### Work instructions
Print the records below exactly, with no pictures.

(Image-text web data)
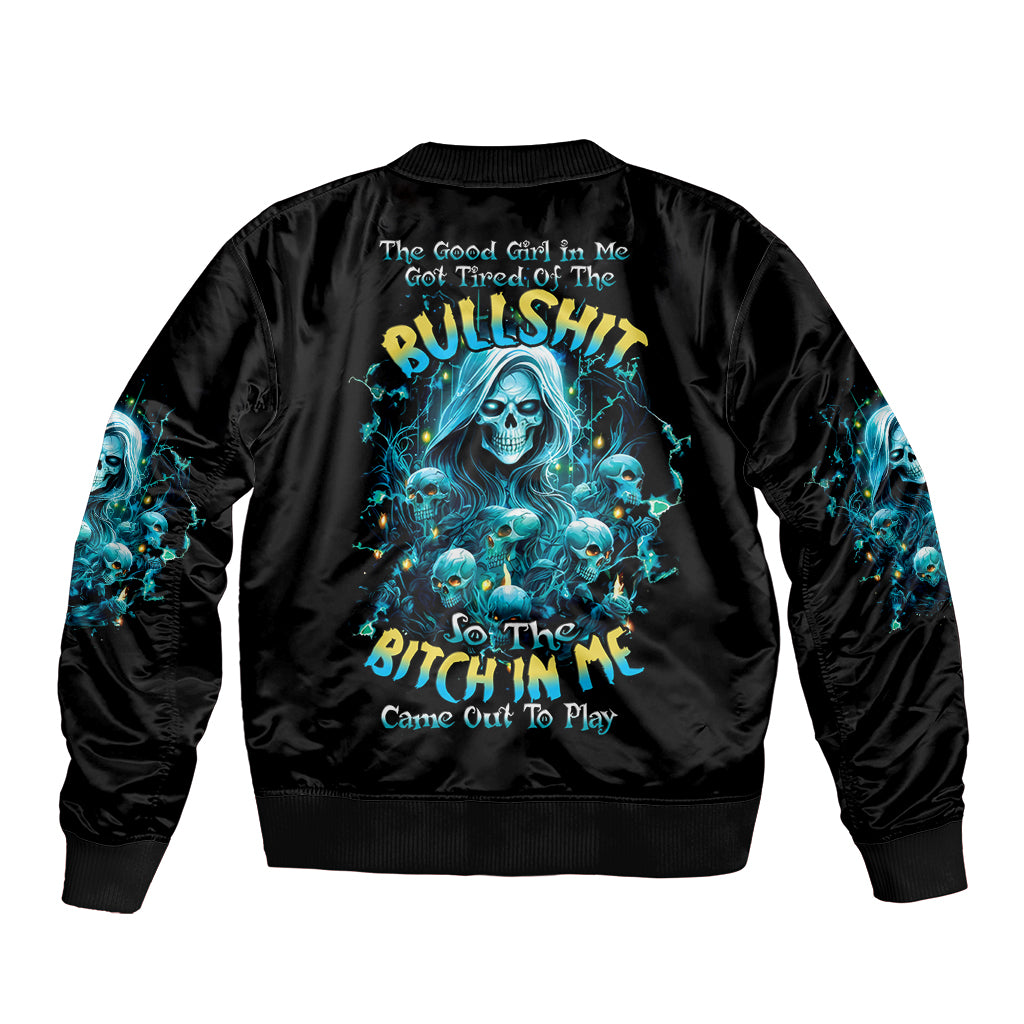 Irsh Girl Skull Sleeve Zip Bomber Jacket Drink Up Bitch - Wonder Print Shop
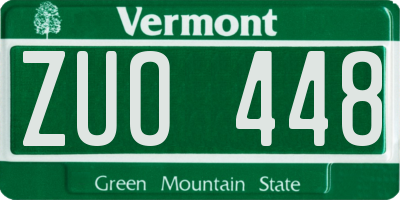VT license plate ZUO448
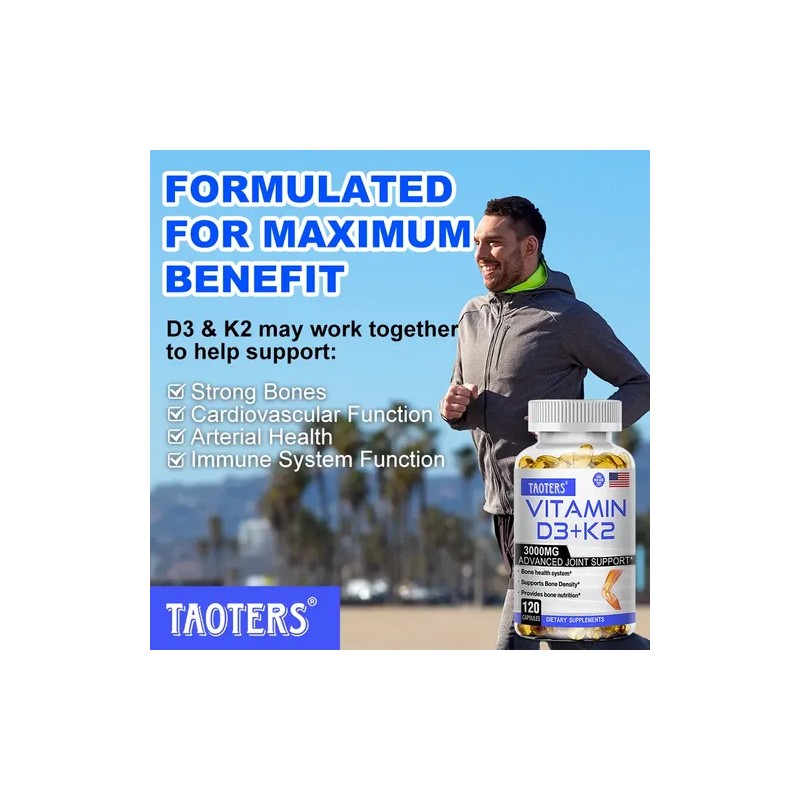 Taoters K2d3 120 Cápsulas, Vitamina D3, K2, Sin Sabor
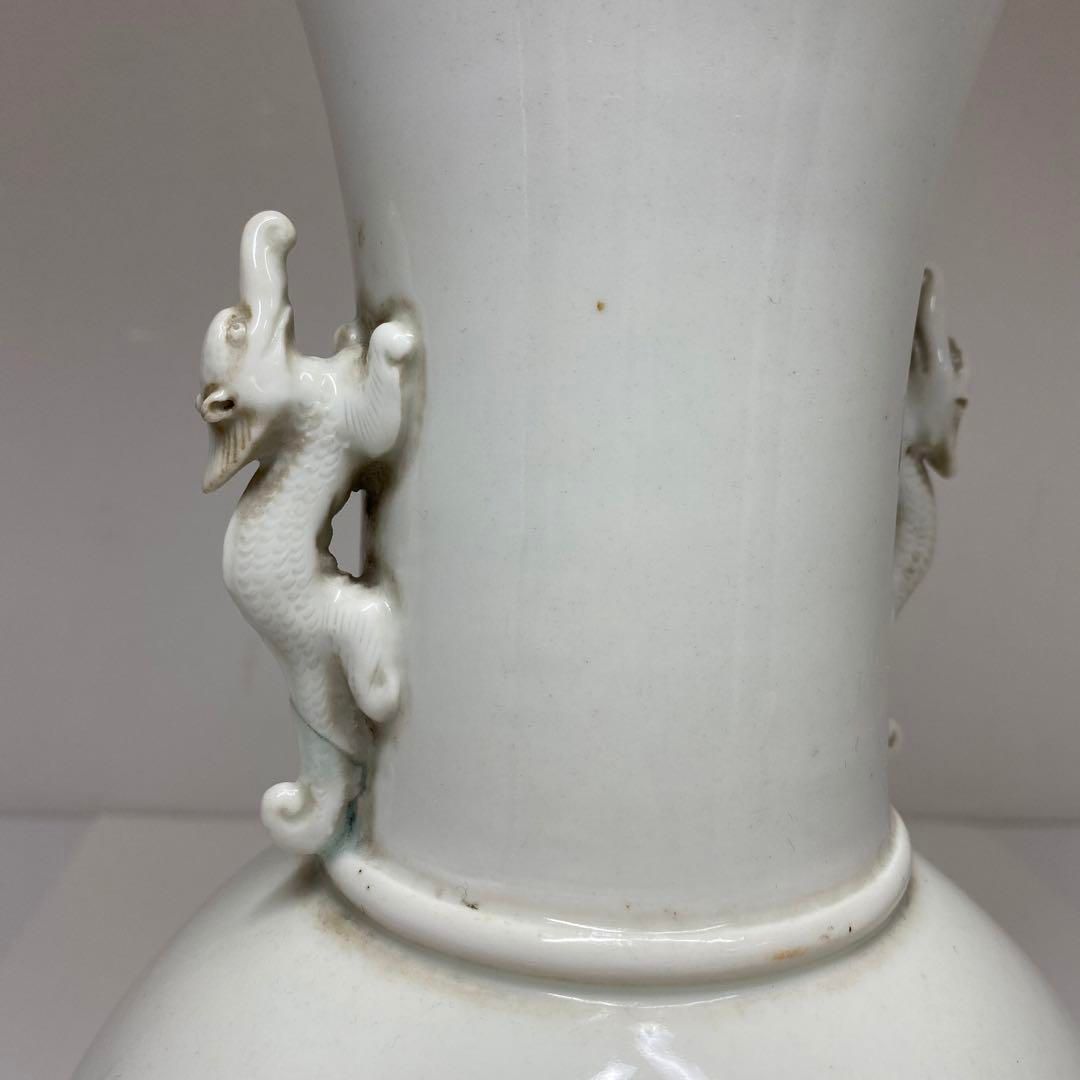 中国清時代 徳化窯双龍耳花瓶 高さ24.5㎝ 東Y6-
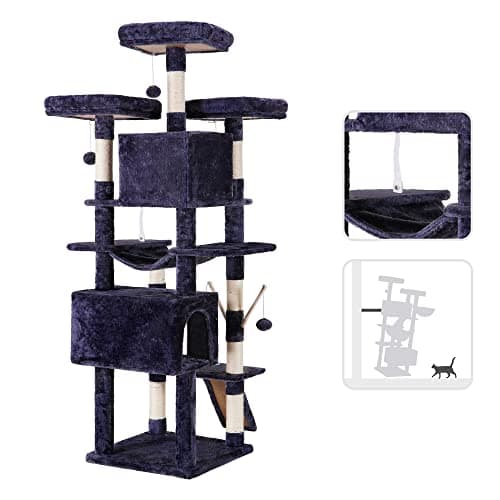 Smoky Gray XL Cat Tree - 71 Inches Multi-Level with 3 Perches & Scratcher MPJ034G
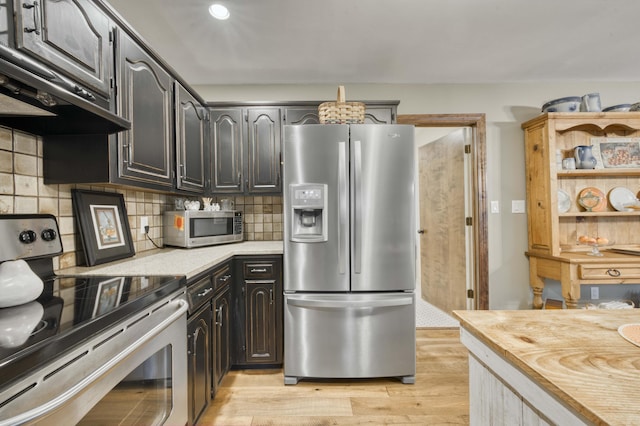 1820 E Jacqueline St, Springfield, MO 65804 - kitchen featuring stainless steel appliances, ventilation hood, light wood-type flooring, tasteful backsplash, and recessed lighting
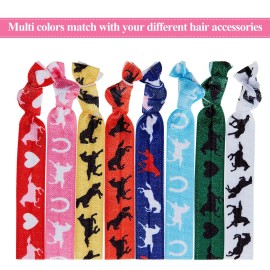 WILLBOND 32 Pieces Ribbon Hair Ties Accessories Sports Elastic Ribbon Tie Gifts for Autism Mexican Festival Derby Horse Racing Decor Women(Horse Pattern) WILLBOND 32 Pieces Ribbon Hair Ties Accessories Sports Elastic Ribbon Tie Gifts for Autism Mexican Festival Derby Horse Racing Decor Women(Horse Pattern)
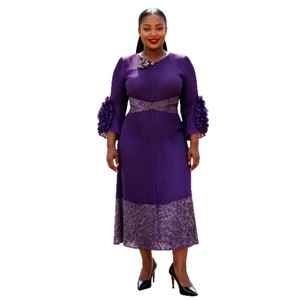 Precio Directo de Fábrica 2026 Vestido Plisado Miyake de Otoño Elegante Talla Grande con Manga con Volantes 3D y Diseño en X para Adelgazar la Cintura, Venta al por Mayor - Product Image 6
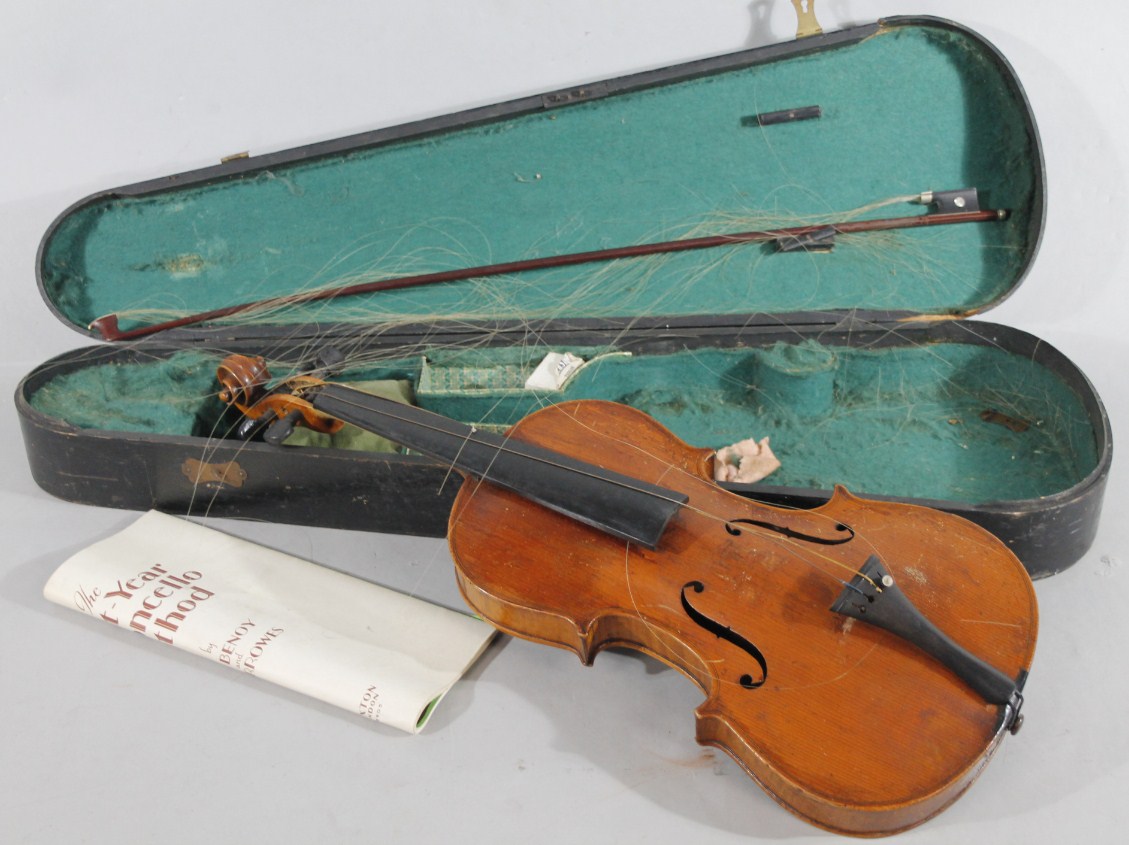 Appraisal: An early thC two piece violin with pine carcass and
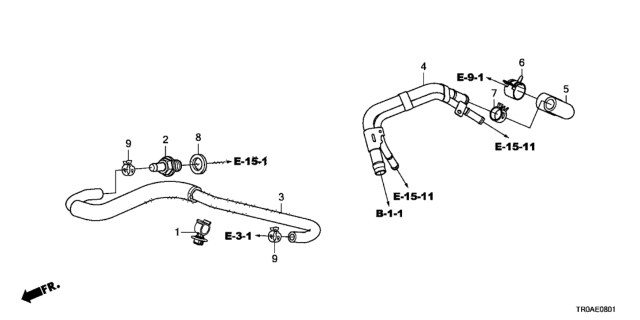 2013 Honda Civic 4 Door SI KA 6MT PCV Tube (2.4L) Diagram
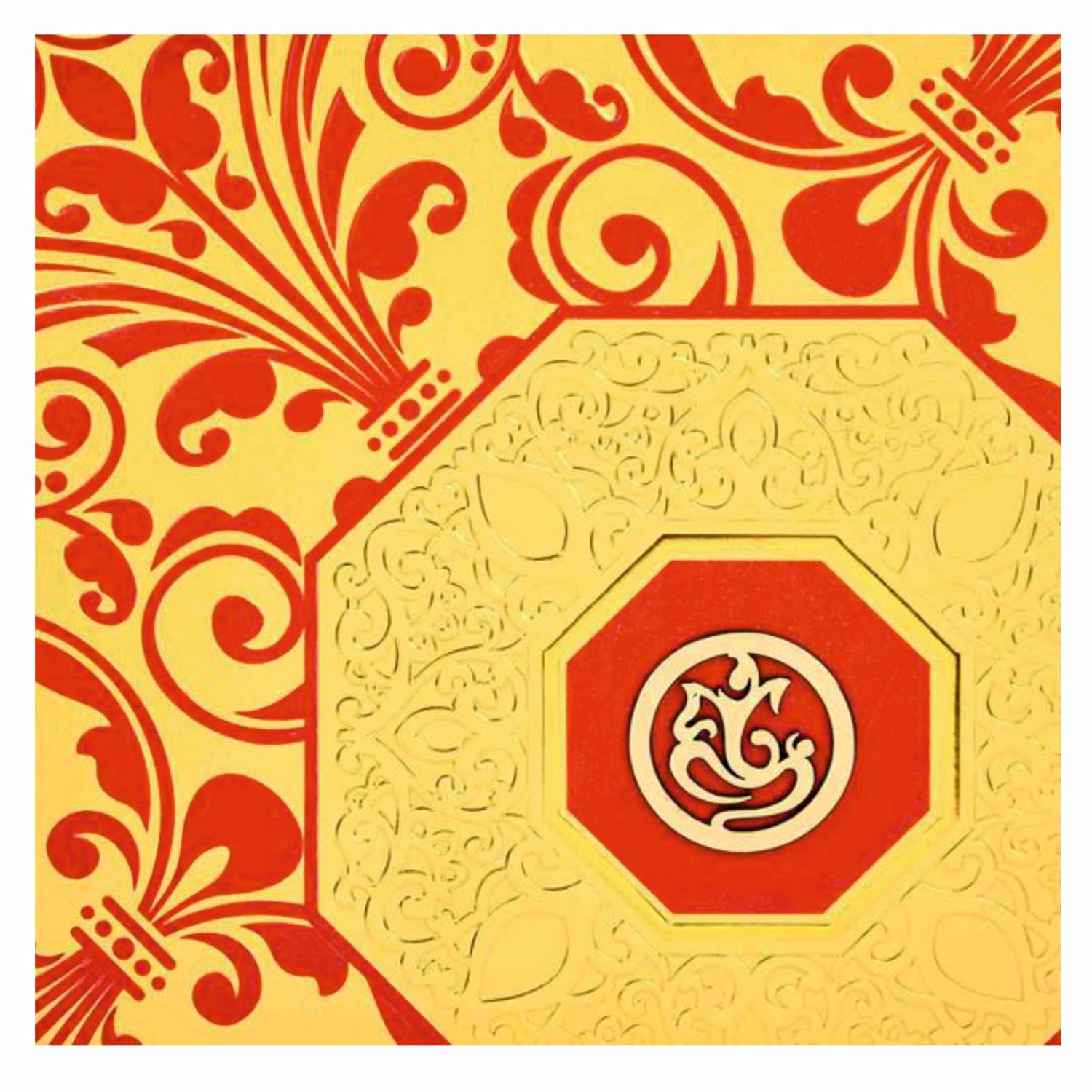 Alluring Gold Shading With Red Floral Theme Wedding Card - KNK30390
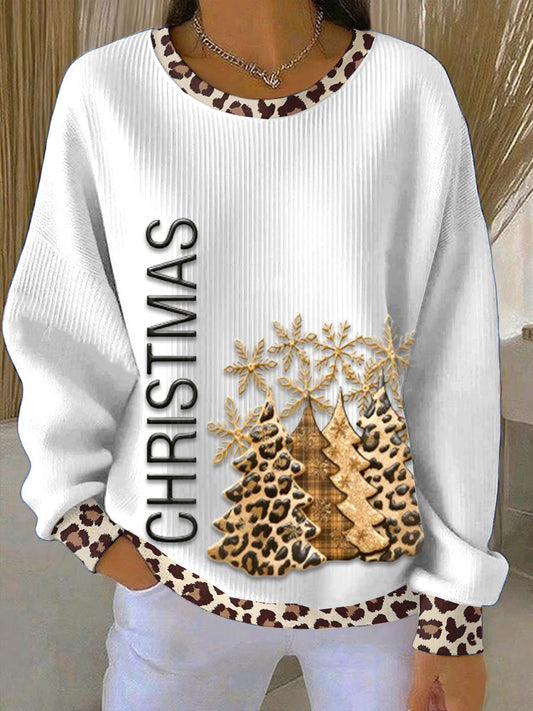 Women's White Christmas Leopard Print Loose-Fit Crewneck Pullover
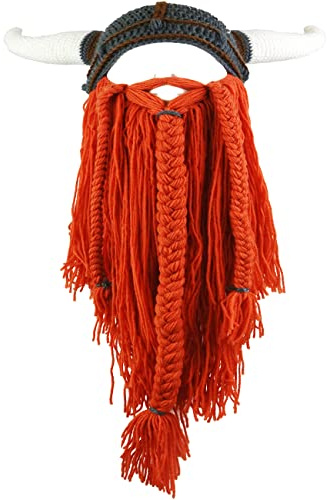 YEKEYI Wikingermütze mit großem Horn, Beanie, Bart Wikinger, Strickmütze, Barbar, lustige Skimütze, lustige Halloween-Mütze, Weihnachtsmütze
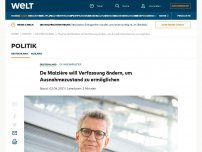 Bild zum Artikel: De Maizière will Verfassung ändern, um Ausnahmezustand zu ermöglichen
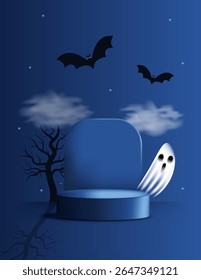 Spooky Happy Halloween vertical template with ghosts, bats, empty podium and night background. Background for product or message. Vector illustration flat style, dark blue black colors, copy space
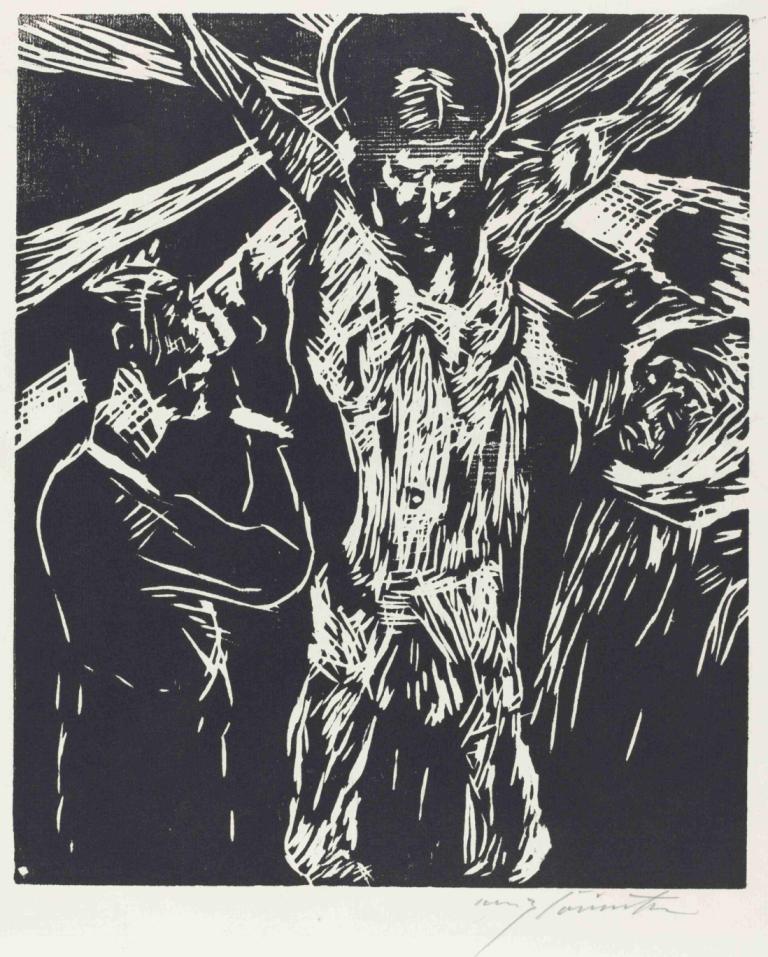 The Crucifixion (Christus am Kreuz),십자가 처형(크리스투스 암 크로이츠),Lovis Corinth,로비스 코린트,동판 에칭,동판 에칭, 단색화, 남성 집중, 여러 소년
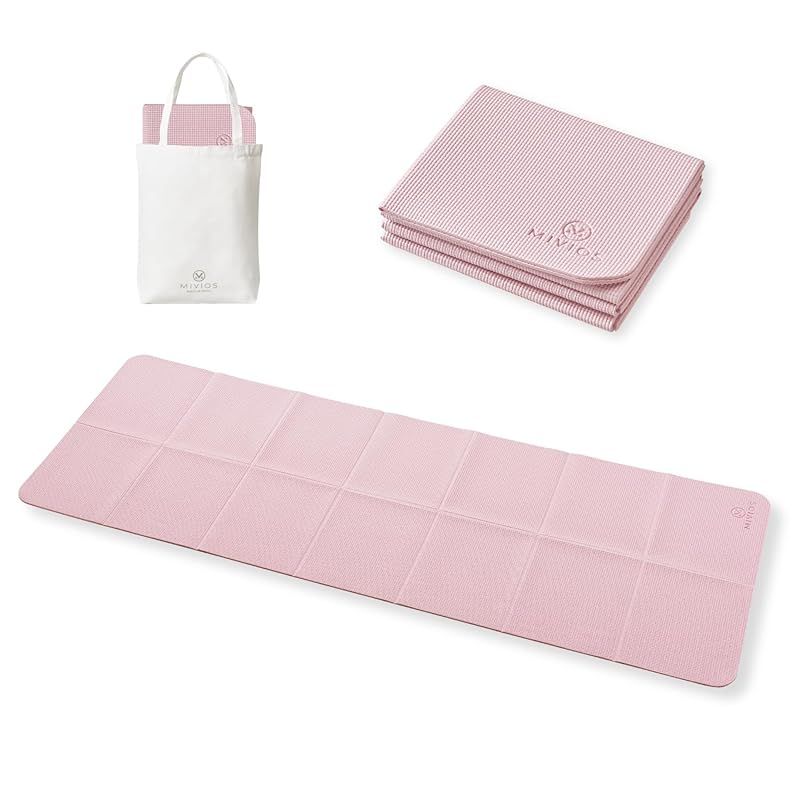 【特価商品】MIVIOS (ミビオス) ヨガ マット 厚さ4mm ピラティス トレーニング ストレッチ エクササイズマット 省スペース 折りたたみ 軽量 高い弾力性 収納バッグ付 コンパクト ヨガマット MVS3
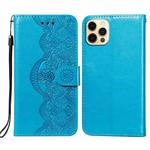 Flower Vine Embossing Pattern Horizontal Flip Leather Case with Card Slot & Holder & Wallet & Lanyard For iPhone 12 / 12 Pro(Blue)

### Response box
 Irsh Girl Skull Sleeve Zip Bomber Jacket Drink Up Bitch - Wonder Print Shop
VT license plate ZUO448
 Taoters K2d3 120 Cápsulas, Vitamina D3, K2, Sin Sabor
 中国清時代 徳化窯双龍耳花瓶 高さ24.5㎝ 東Y6-
 Smoky Gray XL Cat Tree - 71 Inches Multi-Level with 3 Perches & Scratcher MPJ034G
 1820 E Jacqueline St, Springfield, MO 65804 - kitchen featuring stainless steel appliances, ventilation hood, light wood-type flooring, tasteful backsplash, and recessed lighting
 WILLBOND 32 Pieces Ribbon Hair Ties Accessories Sports Elastic Ribbon Tie Gifts for Autism Mexican Festival Derby Horse Racing Decor Women(Horse Pattern) WILLBOND 32 Pieces Ribbon Hair Ties Accessories Sports Elastic Ribbon Tie Gifts for Autism Mexican Festival Derby Horse Racing Decor Women(Horse Pattern)
 Precio Directo de Fábrica 2026 Vestido Plisado Miyake de Otoño Elegante Talla Grande con Manga con Volantes 3D y Diseño en X para Adelgazar la Cintura, Venta al por Mayor - Product Image 6
 Appraisal: An early thC two piece violin with pine carcass and
 2013 Honda Civic 4 Door SI KA 6MT PCV Tube (2.4L) Diagram
 Alluring Gold Shading With Red Floral Theme Wedding Card - KNK30390
 Women's White Christmas Leopard Print Loose-Fit Crewneck Pullover
 YEKEYI Wikingermütze mit großem Horn, Beanie, Bart Wikinger, Strickmütze, Barbar, lustige Skimütze, lustige Halloween-Mütze, Weihnachtsmütze
 Bild zum Artikel: De Maizière will Verfassung ändern, um Ausnahmezustand zu ermöglichen
 Spooky Happy Halloween vertical template with ghosts, bats, empty podium and night background. Background for product or message. Vector illustration flat style, dark blue black colors, copy space
 The Crucifixion (Christus am Kreuz),십자가 처형(크리스투스 암 크로이츠),Lovis Corinth,로비스 코린트,동판 에칭,동판 에칭, 단색화, 남성 집중, 여러 소년
 【特価商品】MIVIOS (ミビオス) ヨガ マット 厚さ4mm ピラティス トレーニング ストレッチ エクササイズマット 省スペース 折りたたみ 軽量 高い弾力性 収納バッグ付 コンパクト ヨガマット MVS3
 Flower Vine Embossing Pattern Horizontal Flip Leather Case with Card Slot & Holder & Wallet & Lanyard For iPhone 12 / 12 Pro(Blue)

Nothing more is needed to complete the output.